(AIM OF THE TASK) Restate the records in full, keeping every word as it is.

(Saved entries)
###

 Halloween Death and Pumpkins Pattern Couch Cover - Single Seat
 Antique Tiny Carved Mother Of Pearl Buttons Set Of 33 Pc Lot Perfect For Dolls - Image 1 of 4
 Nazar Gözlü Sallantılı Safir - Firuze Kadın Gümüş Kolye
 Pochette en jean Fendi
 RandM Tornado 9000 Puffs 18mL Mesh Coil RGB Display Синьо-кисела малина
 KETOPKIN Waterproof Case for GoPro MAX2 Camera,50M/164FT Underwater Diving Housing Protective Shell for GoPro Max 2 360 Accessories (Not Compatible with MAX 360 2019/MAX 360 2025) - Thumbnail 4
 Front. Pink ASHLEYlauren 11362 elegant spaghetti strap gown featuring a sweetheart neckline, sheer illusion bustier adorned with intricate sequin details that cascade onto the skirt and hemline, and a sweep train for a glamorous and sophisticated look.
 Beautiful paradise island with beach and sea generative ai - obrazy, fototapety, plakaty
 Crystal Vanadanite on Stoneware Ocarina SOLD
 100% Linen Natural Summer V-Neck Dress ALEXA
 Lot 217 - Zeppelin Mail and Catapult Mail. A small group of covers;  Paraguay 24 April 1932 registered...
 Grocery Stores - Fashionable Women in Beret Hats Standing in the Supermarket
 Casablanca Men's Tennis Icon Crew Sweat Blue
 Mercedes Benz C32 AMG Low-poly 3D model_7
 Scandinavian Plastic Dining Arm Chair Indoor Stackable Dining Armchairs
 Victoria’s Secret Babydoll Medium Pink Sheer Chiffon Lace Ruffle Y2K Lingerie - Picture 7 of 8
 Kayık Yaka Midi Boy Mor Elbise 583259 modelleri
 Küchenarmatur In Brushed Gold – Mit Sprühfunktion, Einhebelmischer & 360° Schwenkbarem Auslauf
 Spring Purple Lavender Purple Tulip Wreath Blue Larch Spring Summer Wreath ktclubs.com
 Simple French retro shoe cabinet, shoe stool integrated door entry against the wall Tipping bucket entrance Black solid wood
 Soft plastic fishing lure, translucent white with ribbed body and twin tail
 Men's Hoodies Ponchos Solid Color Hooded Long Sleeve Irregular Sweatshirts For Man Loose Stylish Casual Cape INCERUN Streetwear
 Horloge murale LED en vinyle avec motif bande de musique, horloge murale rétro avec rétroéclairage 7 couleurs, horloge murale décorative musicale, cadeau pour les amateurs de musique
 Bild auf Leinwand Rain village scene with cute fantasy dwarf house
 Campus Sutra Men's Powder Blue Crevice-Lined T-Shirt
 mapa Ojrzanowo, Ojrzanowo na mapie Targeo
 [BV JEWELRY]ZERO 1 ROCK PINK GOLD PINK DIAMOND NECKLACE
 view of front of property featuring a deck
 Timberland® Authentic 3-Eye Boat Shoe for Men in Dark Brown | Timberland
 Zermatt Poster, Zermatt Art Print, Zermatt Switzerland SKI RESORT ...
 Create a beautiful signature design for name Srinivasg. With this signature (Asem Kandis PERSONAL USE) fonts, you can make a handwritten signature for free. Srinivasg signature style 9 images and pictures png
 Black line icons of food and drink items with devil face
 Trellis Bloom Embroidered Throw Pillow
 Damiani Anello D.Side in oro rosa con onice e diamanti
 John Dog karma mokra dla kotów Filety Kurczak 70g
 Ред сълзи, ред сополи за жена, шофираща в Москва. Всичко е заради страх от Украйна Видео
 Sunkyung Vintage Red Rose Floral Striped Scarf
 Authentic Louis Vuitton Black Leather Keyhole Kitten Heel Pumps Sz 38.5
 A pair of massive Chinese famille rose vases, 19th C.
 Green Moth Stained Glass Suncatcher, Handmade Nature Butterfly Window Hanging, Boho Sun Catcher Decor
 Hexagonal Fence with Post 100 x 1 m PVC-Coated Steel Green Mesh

###

(FINISHED TASK)
 Halloween Death and Pumpkins Pattern Couch Cover - Single Seat
 Antique Tiny Carved Mother Of Pearl Buttons Set Of 33 Pc Lot Perfect For Dolls - Image 1 of 4
 Nazar Gözlü Sallantılı Safir - Firuze Kadın Gümüş Kolye
 Pochette en jean Fendi
 RandM Tornado 9000 Puffs 18mL Mesh Coil RGB Display Синьо-кисела малина
 KETOPKIN Waterproof Case for GoPro MAX2 Camera,50M/164FT Underwater Diving Housing Protective Shell for GoPro Max 2 360 Accessories (Not Compatible with MAX 360 2019/MAX 360 2025) - Thumbnail 4
 Front. Pink ASHLEYlauren 11362 elegant spaghetti strap gown featuring a sweetheart neckline, sheer illusion bustier adorned with intricate sequin details that cascade onto the skirt and hemline, and a sweep train for a glamorous and sophisticated look.
 Beautiful paradise island with beach and sea generative ai - obrazy, fototapety, plakaty
 Crystal Vanadanite on Stoneware Ocarina SOLD
 100% Linen Natural Summer V-Neck Dress ALEXA
 Lot 217 - Zeppelin Mail and Catapult Mail. A small group of covers;  Paraguay 24 April 1932 registered...
 Grocery Stores - Fashionable Women in Beret Hats Standing in the Supermarket
 Casablanca Men's Tennis Icon Crew Sweat Blue
 Mercedes Benz C32 AMG Low-poly 3D model_7
 Scandinavian Plastic Dining Arm Chair Indoor Stackable Dining Armchairs
 Victoria’s Secret Babydoll Medium Pink Sheer Chiffon Lace Ruffle Y2K Lingerie - Picture 7 of 8
 Kayık Yaka Midi Boy Mor Elbise 583259 modelleri
 Küchenarmatur In Brushed Gold – Mit Sprühfunktion, Einhebelmischer & 360° Schwenkbarem Auslauf
 Spring Purple Lavender Purple Tulip Wreath Blue Larch Spring Summer Wreath ktclubs.com
 Simple French retro shoe cabinet, shoe stool integrated door entry against the wall Tipping bucket entrance Black solid wood
 Soft plastic fishing lure, translucent white with ribbed body and twin tail
 Men's Hoodies Ponchos Solid Color Hooded Long Sleeve Irregular Sweatshirts For Man Loose Stylish Casual Cape INCERUN Streetwear
 Horloge murale LED en vinyle avec motif bande de musique, horloge murale rétro avec rétroéclairage 7 couleurs, horloge murale décorative musicale, cadeau pour les amateurs de musique
 Bild auf Leinwand Rain village scene with cute fantasy dwarf house
 Campus Sutra Men's Powder Blue Crevice-Lined T-Shirt
 mapa Ojrzanowo, Ojrzanowo na mapie Targeo
 [BV JEWELRY]ZERO 1 ROCK PINK GOLD PINK DIAMOND NECKLACE
 view of front of property featuring a deck
 Timberland® Authentic 3-Eye Boat Shoe for Men in Dark Brown | Timberland
 Zermatt Poster, Zermatt Art Print, Zermatt Switzerland SKI RESORT ...
 Create a beautiful signature design for name Srinivasg. With this signature (Asem Kandis PERSONAL USE) fonts, you can make a handwritten signature for free. Srinivasg signature style 9 images and pictures png
 Black line icons of food and drink items with devil face
 Trellis Bloom Embroidered Throw Pillow
 Damiani Anello D.Side in oro rosa con onice e diamanti
 John Dog karma mokra dla kotów Filety Kurczak 70g
 Ред сълзи, ред сополи за жена, шофираща в Москва. Всичко е заради страх от Украйна Видео
 Sunkyung Vintage Red Rose Floral Striped Scarf
 Authentic Louis Vuitton Black Leather Keyhole Kitten Heel Pumps Sz 38.5
 A pair of massive Chinese famille rose vases, 19th C.
 Green Moth Stained Glass Suncatcher, Handmade Nature Butterfly Window Hanging, Boho Sun Catcher Decor
 Hexagonal Fence with Post 100 x 1 m PVC-Coated Steel Green Mesh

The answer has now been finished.